● Records supplied
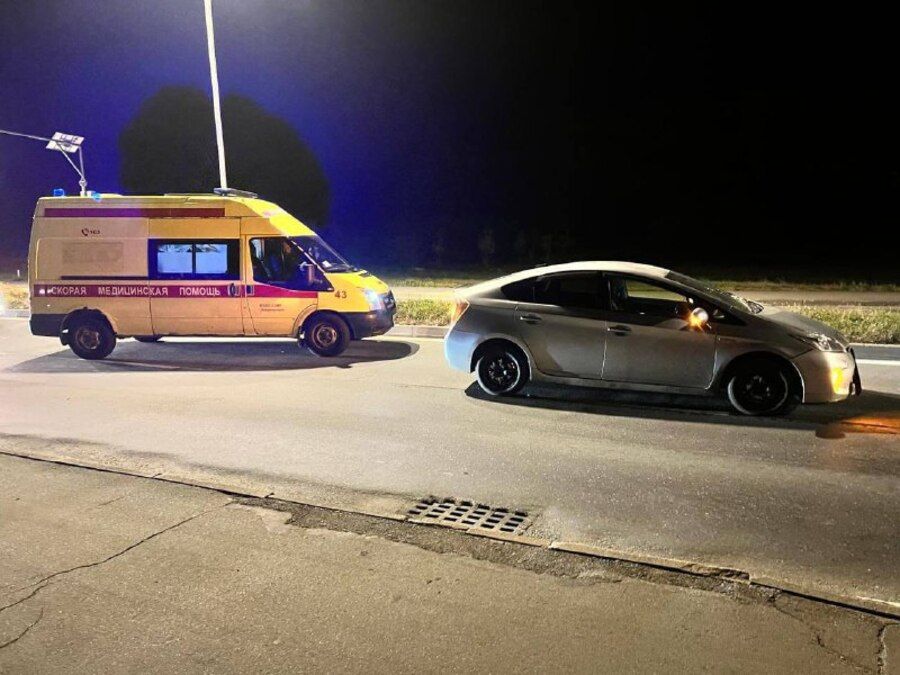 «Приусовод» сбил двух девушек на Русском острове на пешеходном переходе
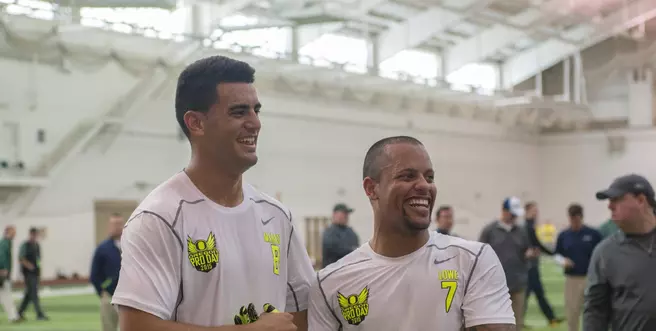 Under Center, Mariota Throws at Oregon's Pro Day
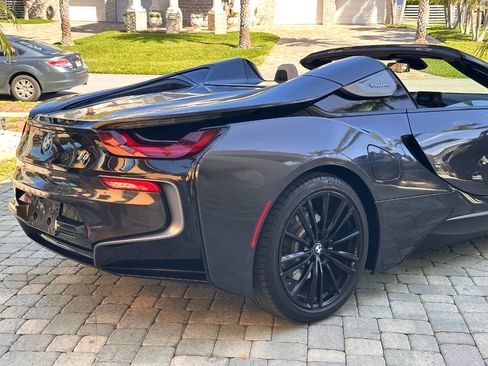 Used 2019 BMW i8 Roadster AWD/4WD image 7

* * *

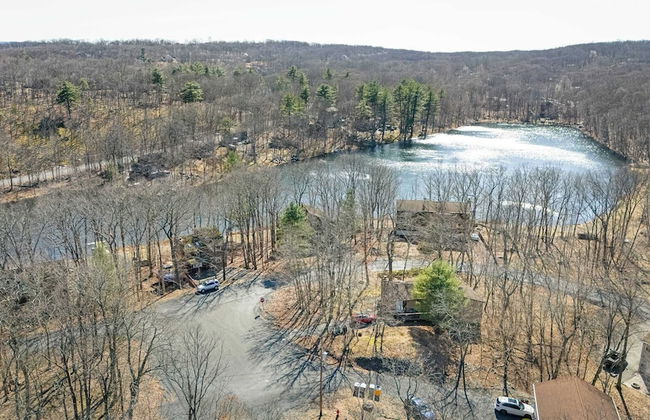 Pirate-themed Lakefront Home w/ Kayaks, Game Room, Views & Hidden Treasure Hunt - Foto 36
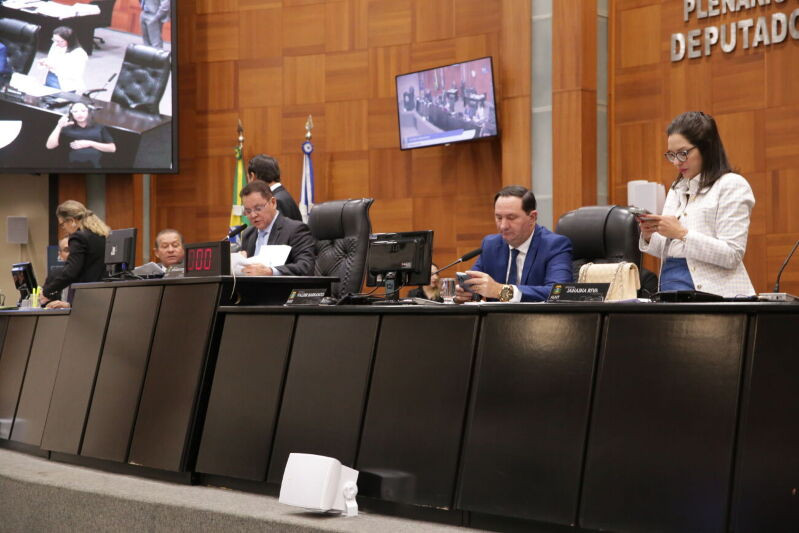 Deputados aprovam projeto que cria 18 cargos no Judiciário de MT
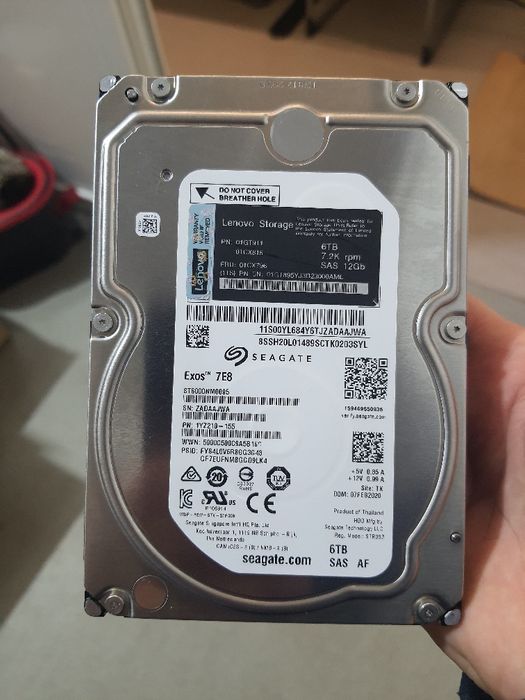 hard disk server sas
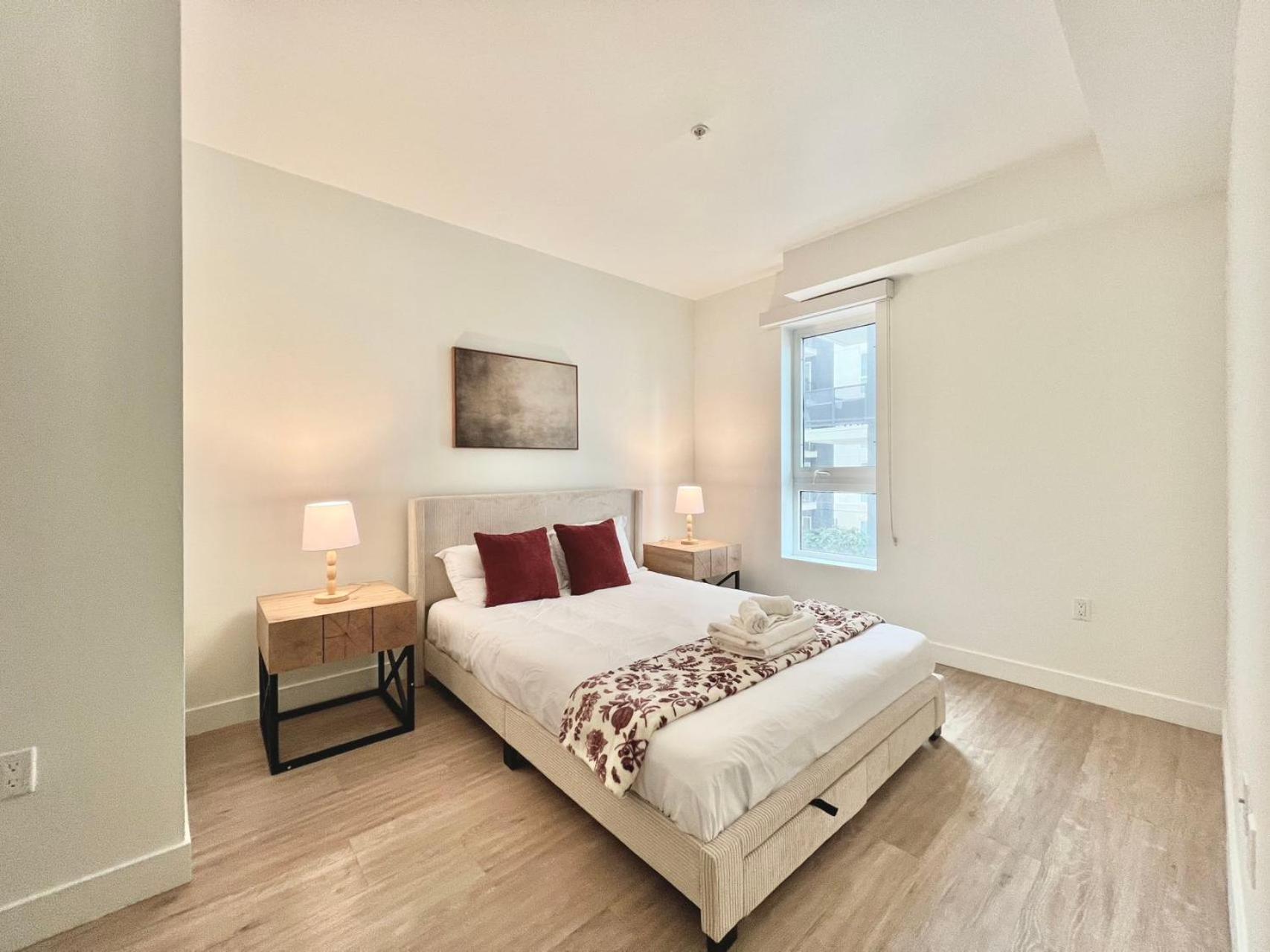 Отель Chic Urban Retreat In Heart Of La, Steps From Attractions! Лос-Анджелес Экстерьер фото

● Assignment
Print the line above containing "Deputados aprovam projeto", the line containing "Отель Chic Urban", and everything between them, exactly as written. Pictures stay out.

● Response box
 Deputados aprovam projeto que cria 18 cargos no Judiciário de MT
 hard disk server sas
 Отель Chic Urban Retreat In Heart Of La, Steps From Attractions! Лос-Анджелес Экстерьер фото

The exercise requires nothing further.